Exercise objective:
Go through the records and transcribe them exactly, passing over any picture.

(Caption-style text data)
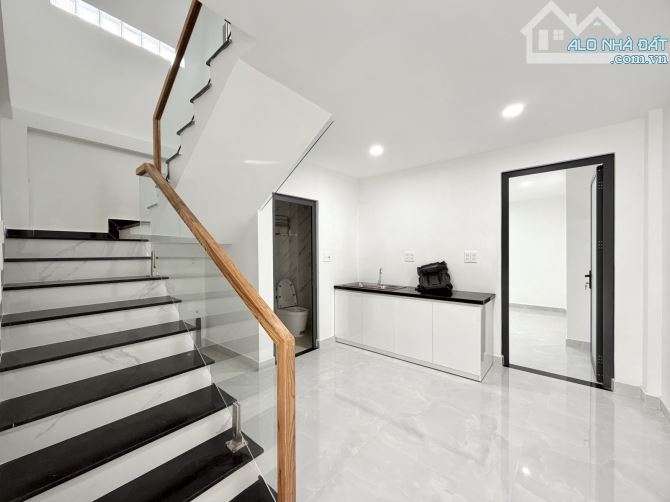 NGUYỄN THIỆN THUẬT, BÌNH THẠNH - 66M2 (4.5x14) - 2 TẦNG MỚI - 3 PN - ĐƯỜNG TRƯỚC NHÀ 8M - 2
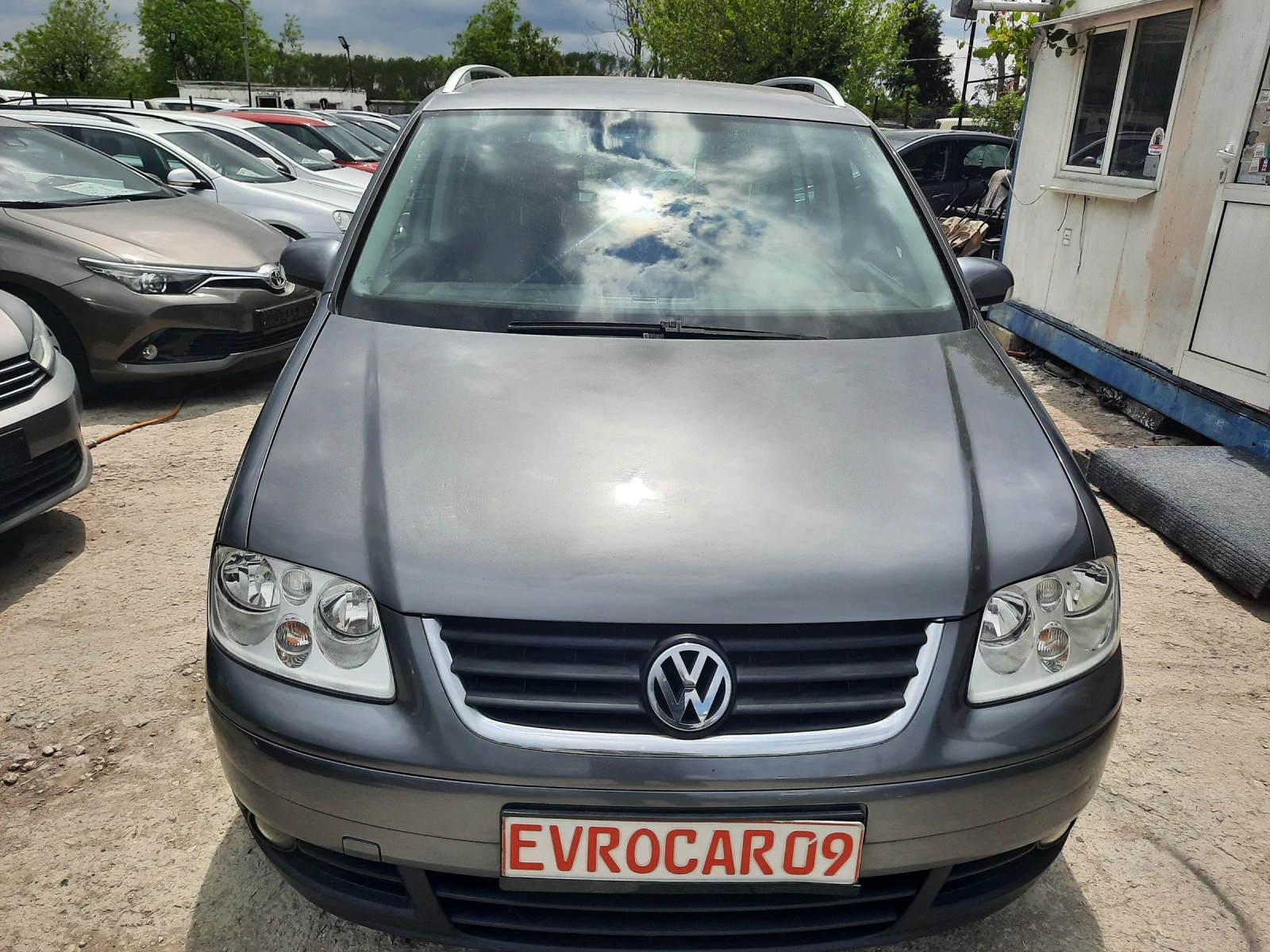 VW Touran 1.9TDI КАТО НОВ - изображение 5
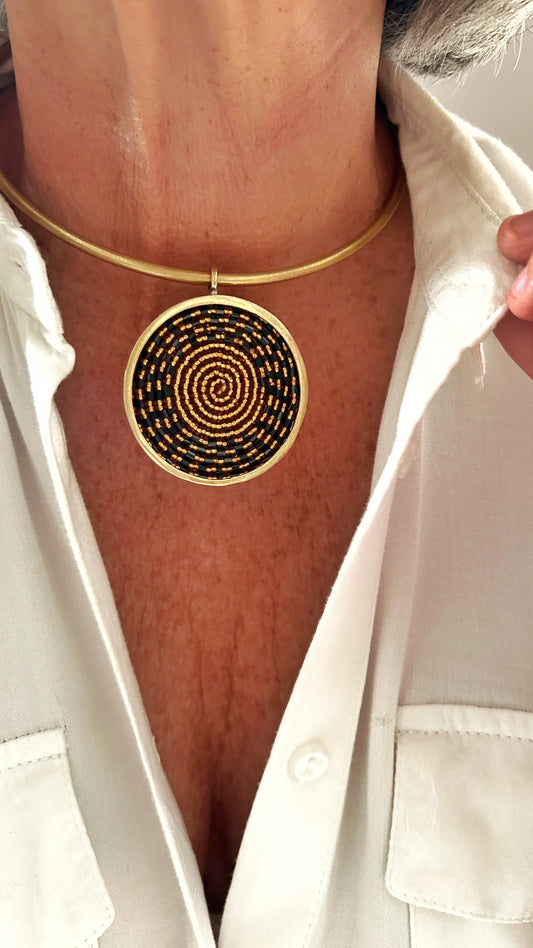 Gargantillan Brass Gabi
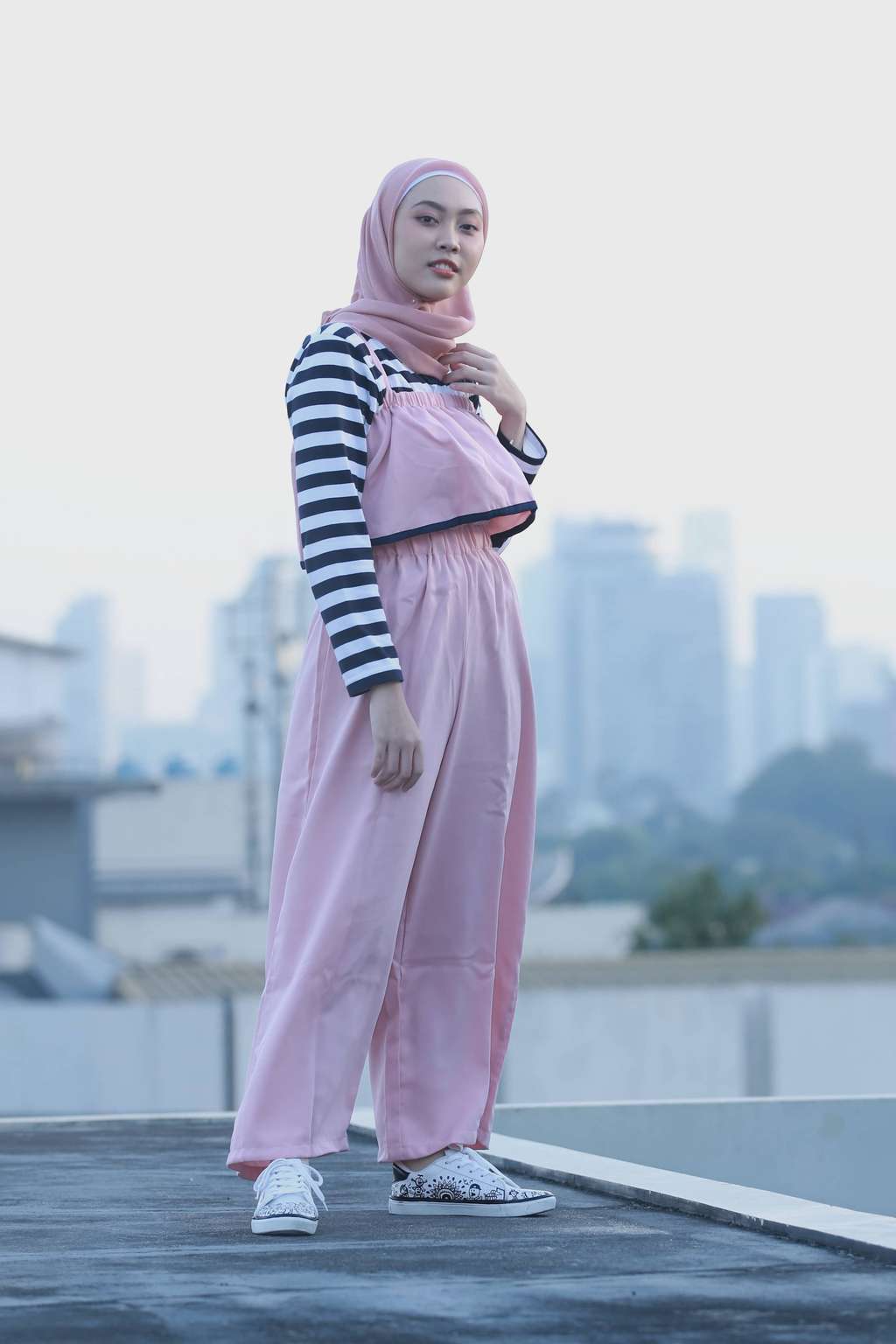 HOTD of The Month, Outfit Stylish dengan Low Budget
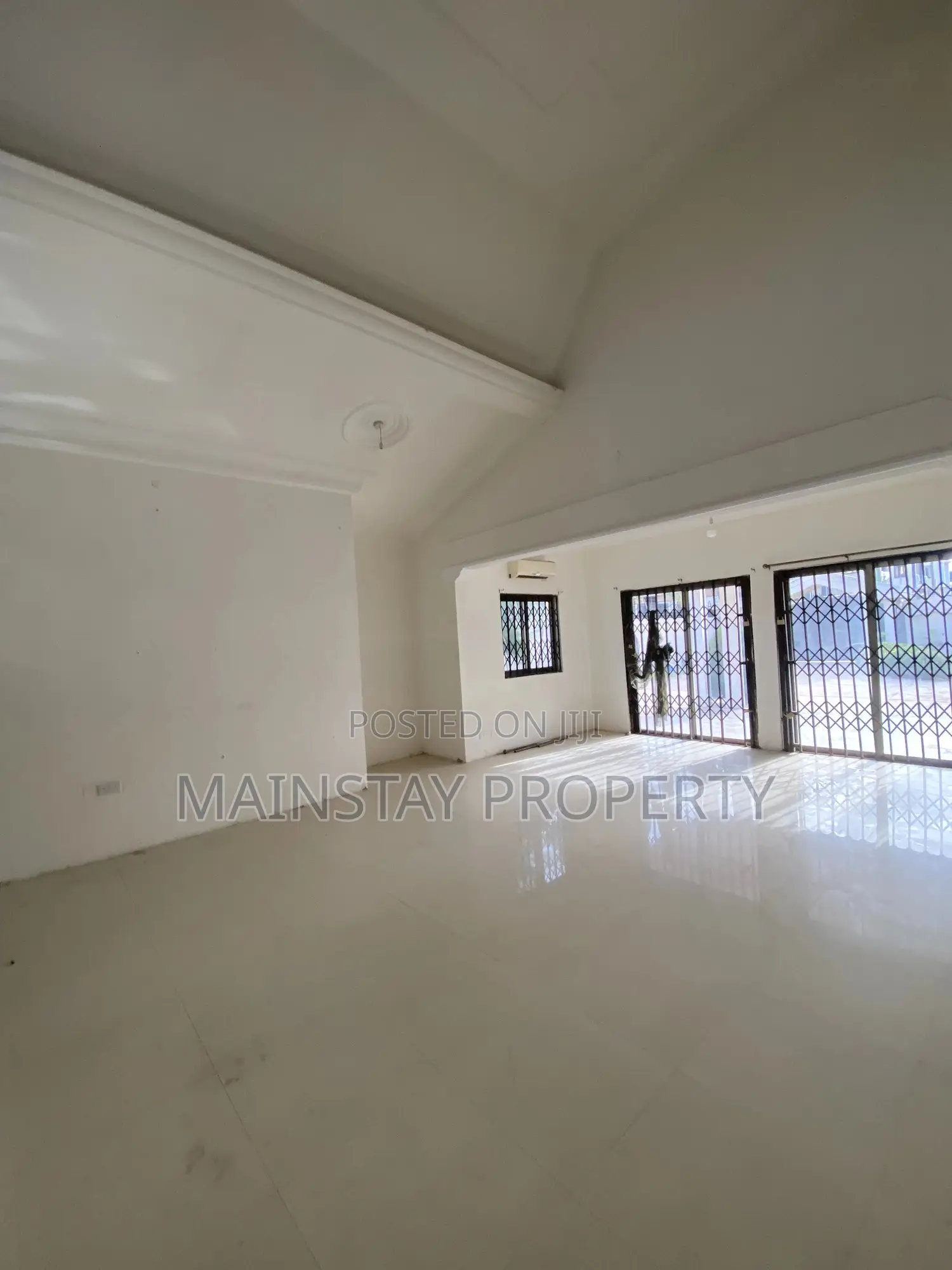 4bdrm House in Mainstay Estates, Taifa-Burkina for sale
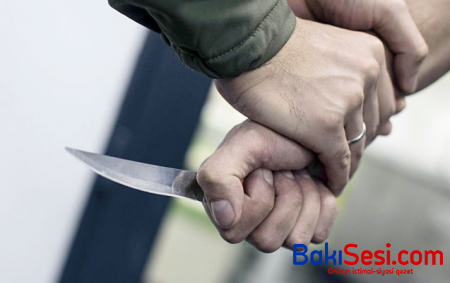 Anasını döydüyü üçün atasını bıçaqladı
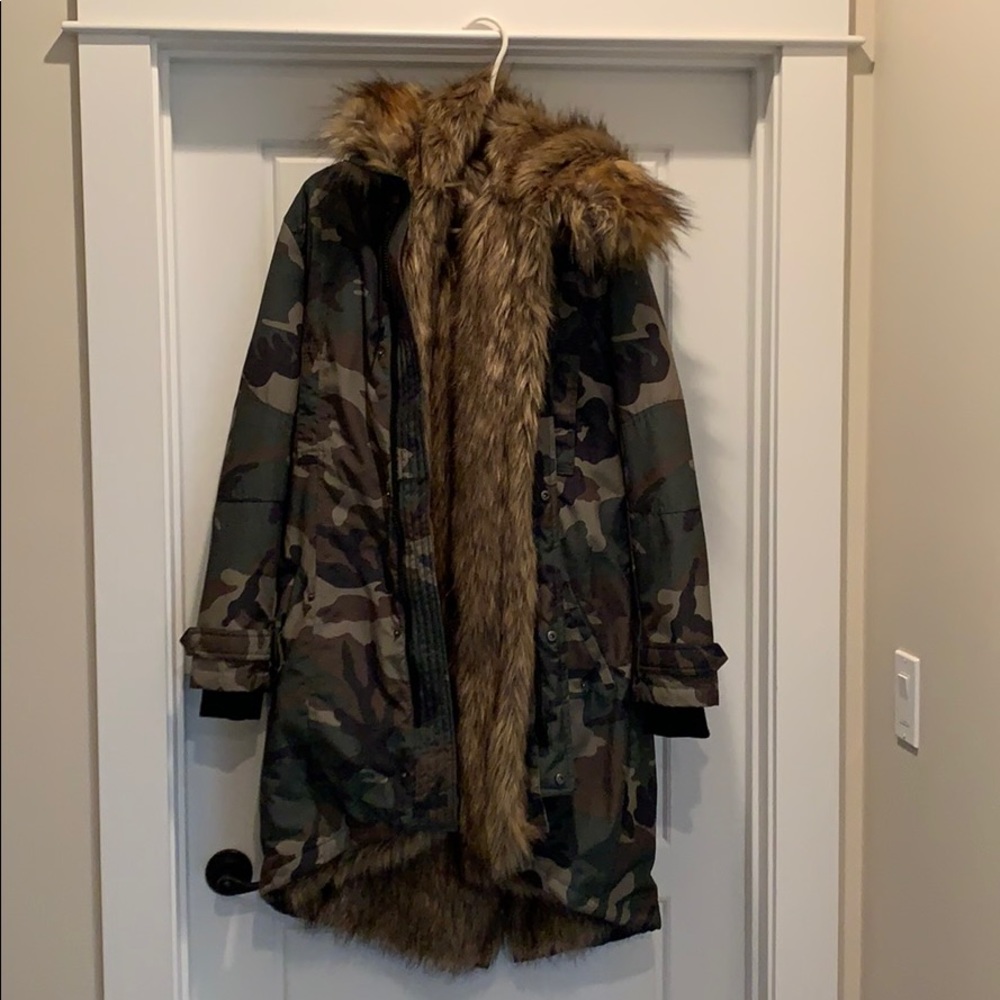 Silence + noise URBAN OUTFITTERS furry camo US L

Reply to the exercise:
 NGUYỄN THIỆN THUẬT, BÌNH THẠNH - 66M2 (4.5x14) - 2 TẦNG MỚI - 3 PN - ĐƯỜNG TRƯỚC NHÀ 8M - 2
 VW Touran 1.9TDI КАТО НОВ - изображение 5
 Gargantillan Brass Gabi
 HOTD of The Month, Outfit Stylish dengan Low Budget
 4bdrm House in Mainstay Estates, Taifa-Burkina for sale
 Anasını döydüyü üçün atasını bıçaqladı
 Silence + noise URBAN OUTFITTERS furry camo US L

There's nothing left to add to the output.